I had a problem getting a keyboard tray under the new desk, and a keyboard tray is essential, because when the keyboard is on the desk you have no desk, and you need the desk for a bowl of noodles. Anyway I hacked a solution to the keyboard tray problem and now have a soft-touch das keyboard under the desk with trackpad on the left, mouse on the right, perfect.

I live in southern Manhattan and make physician’s wages so it’s a very small apartment; I make up for this by owning a ton of computer monitor real estate. You don’t realize how much time you waste closing windows and hiding applications until you set up two huge monitors. I use one as my primary workspace, and the other as a sort of palette, with commonly used app windows and folders I’m always working with, always in direct view.
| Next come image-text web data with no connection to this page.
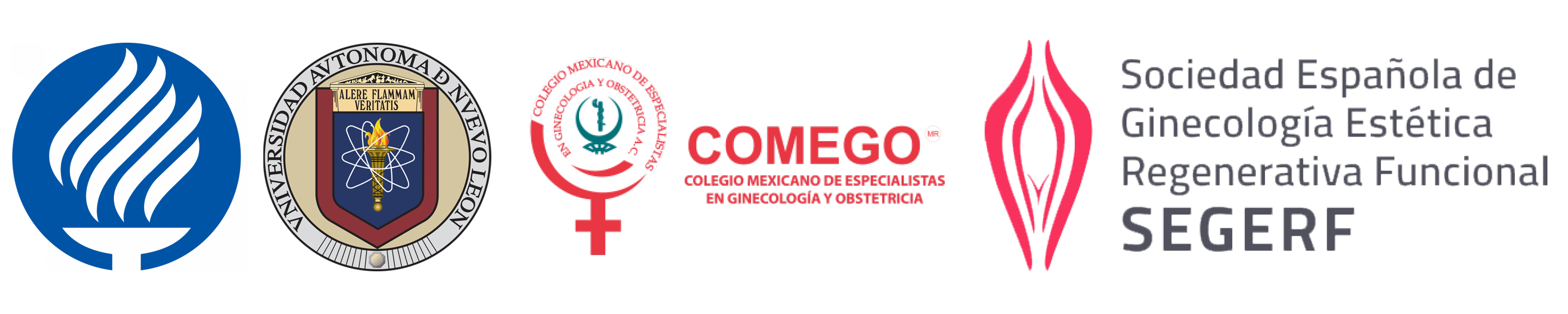 Logos_Gine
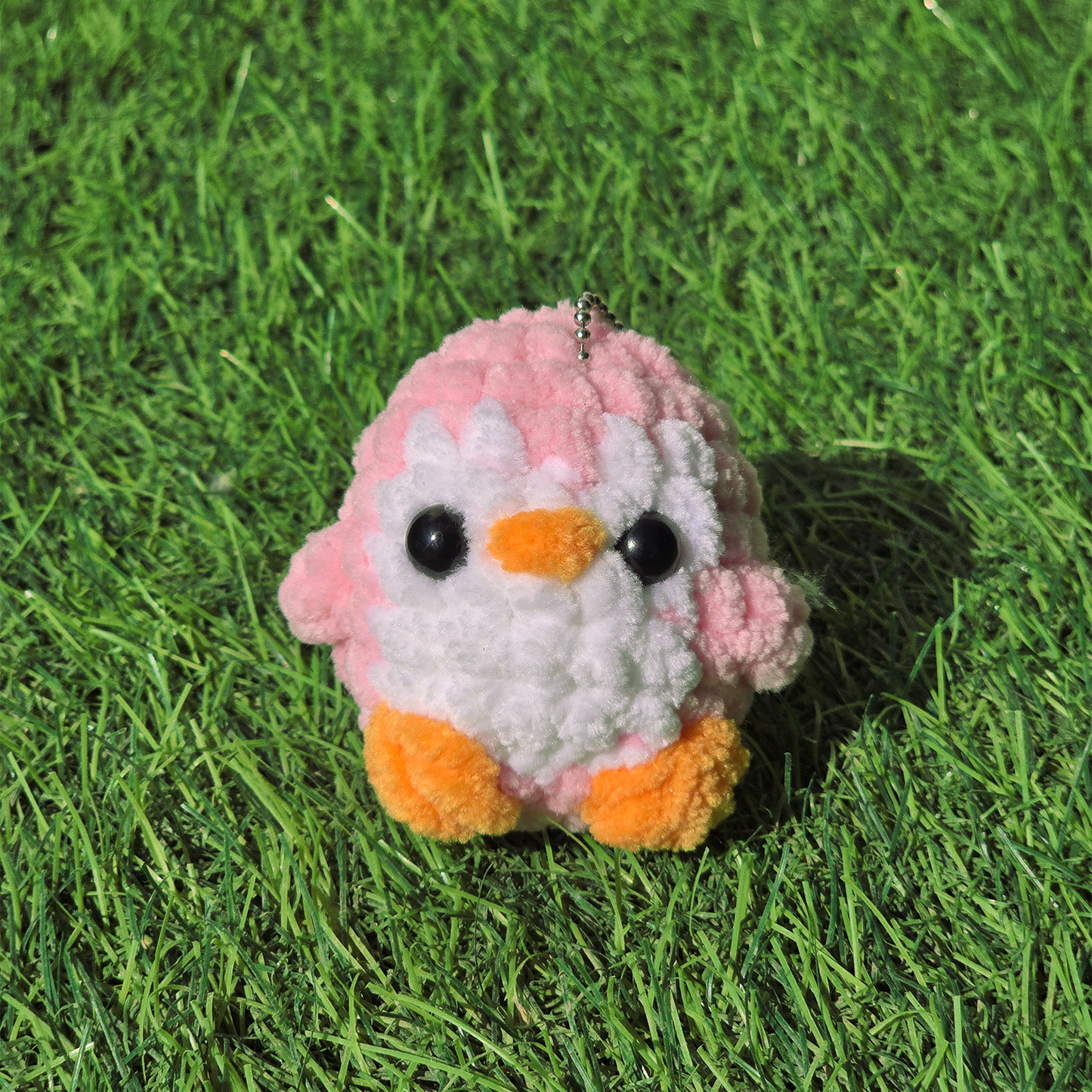 Baby Penguin
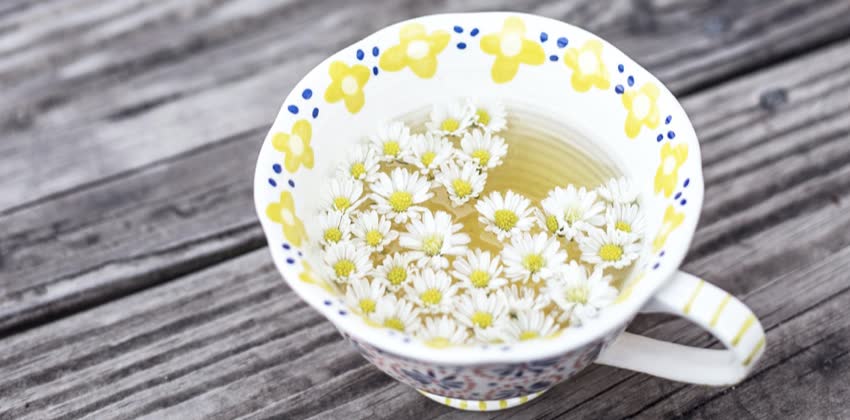 tisane-per-gastrite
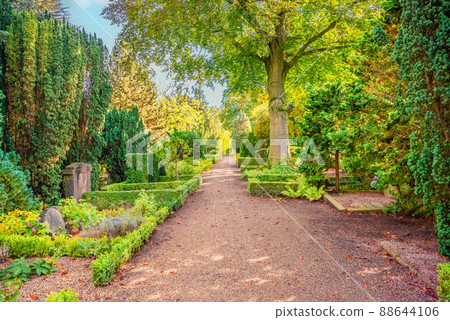 Road through Garrison military Cemetery in Copenhagen, Denmark Road through Garrison military Cemetery in Copenhagen, Denmark 88644106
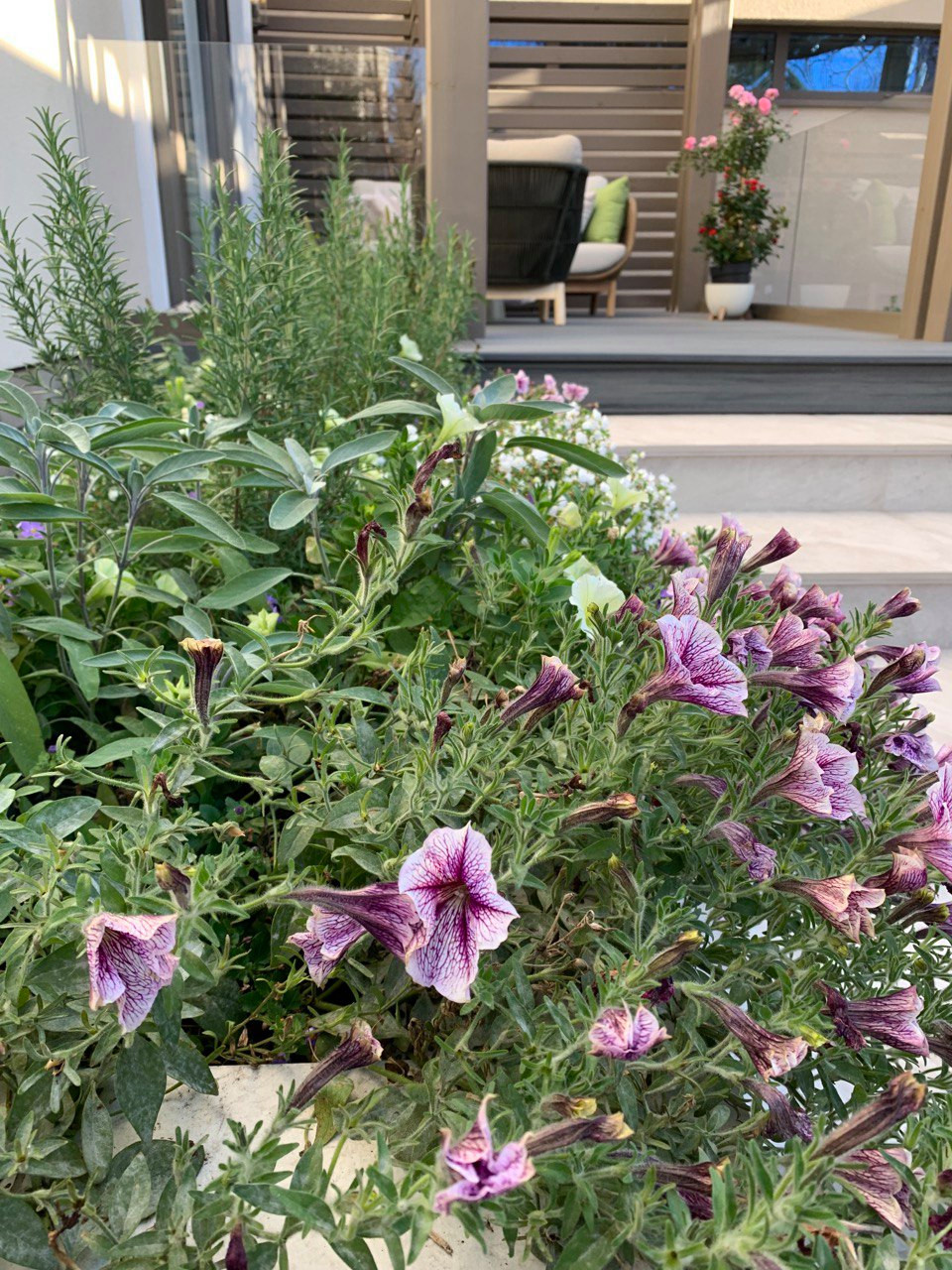 Чистые линии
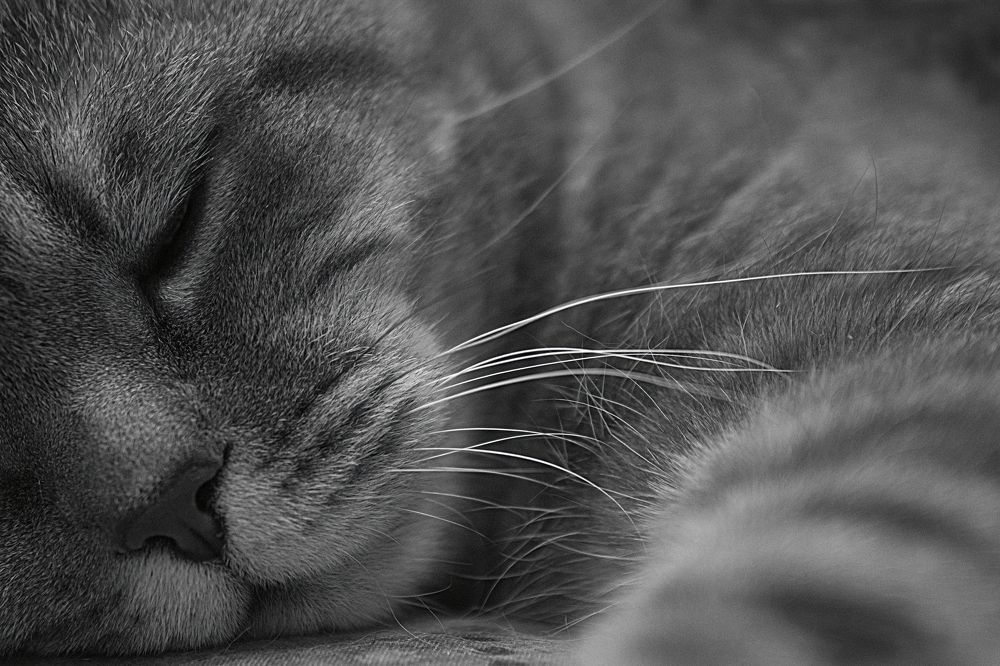 Photograph by Елена Ласун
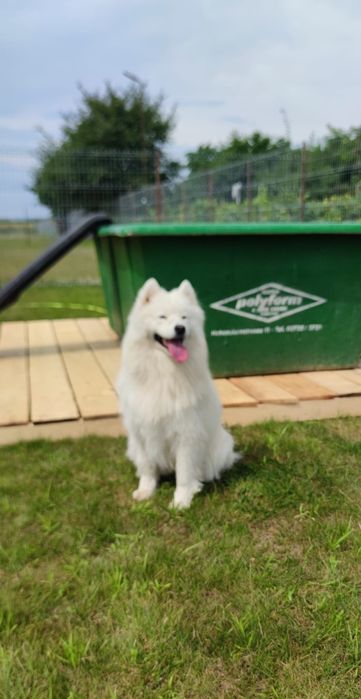 Pensiune canină Bogdan Vodă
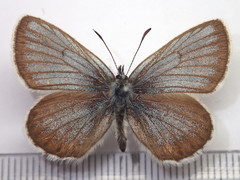 Plebejus subsolanus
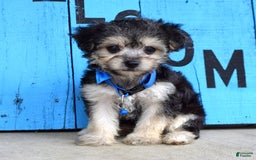 Morkie dogs for sale: Mason - Image 3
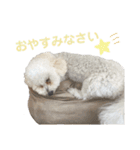 ぼく、もんた。2（個別スタンプ：11）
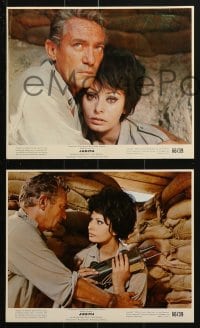 7d026 JUDITH 10 color 8x10 stills 1966 Daniel Mann directed, sexiest Sophia Loren & Peter Finch!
The monitors (and the laptop, and the microphone, and the desk light) are all mounted on arms, which is essential to bring everything toward you when you’re deep in project mode, and then to push everything back when it’s time for noodles. I eat a lot of noodles prepared in Szechuan and Xi’an style, and they sling oil all over the place, gotta move those monitors out of the way.


How I Work Smarter

Inbox management

  • A lot of folks recommend email triage into various lists, folders, calendars, and task management apps to effect inbox zero. This does not work for me because I feel just as oppressed by all the lists and folders as I do by a bloated inbox. I have found that what facilitates productivity for me is not just minimizing the mail in my inbox, but minimizing the number of inboxes, so my gmail inbox is my shrine, it is my one and only task list, it is everything. Threaded email functions beautifully in this way–it is automatically dated, easily tagged and filed, and infinitely searchable. The power of sending an email to yourself to add information to a thread is way under-appreciated, and you can instantly attach pictures, files, calendar events, whatever.
  • To take it to the next level, get boomerang. Boomerang allows you to push a thread out of your inbox, to return whenever you want, or, if you’re composing an email, to send it whenever you want instead of right now. So when I get an email that is best dealt with on my next shift at hospital A, I boomerang that email to return to my inbox 15 minutes before the start of my next shift at hospital A. If I need to remind myself to bring another bottle of crushed habanero pepper to stick in my locker at hospital B, I compose an email to myself, and set it to send 10 minutes before I would leave my house to go to my next shift at hospital B. You can push this kind (or any kind) of email to your phone by SMS using the email to SMS hack. If Jeremy Faust emails me about something, I want to reply and get it out of my inbox, but I don’t want to enter into an email back and forth, so I’ll compose my reply and send it in 4 hours; I call this avoiding unwanted synchrony. Boomerang has a special function where you can return to inbox if no reply, so if I send an email to my boss asking him if it’s acceptable for me to stipulate that for every CT requested by a trauma surgery consultant, he or she contribute $1 to the American Cancer Society, I can give my boss, for example, 1 week to reply, and if he doesn’t, the message bounces back to my inbox, so important issues never fall off my radar.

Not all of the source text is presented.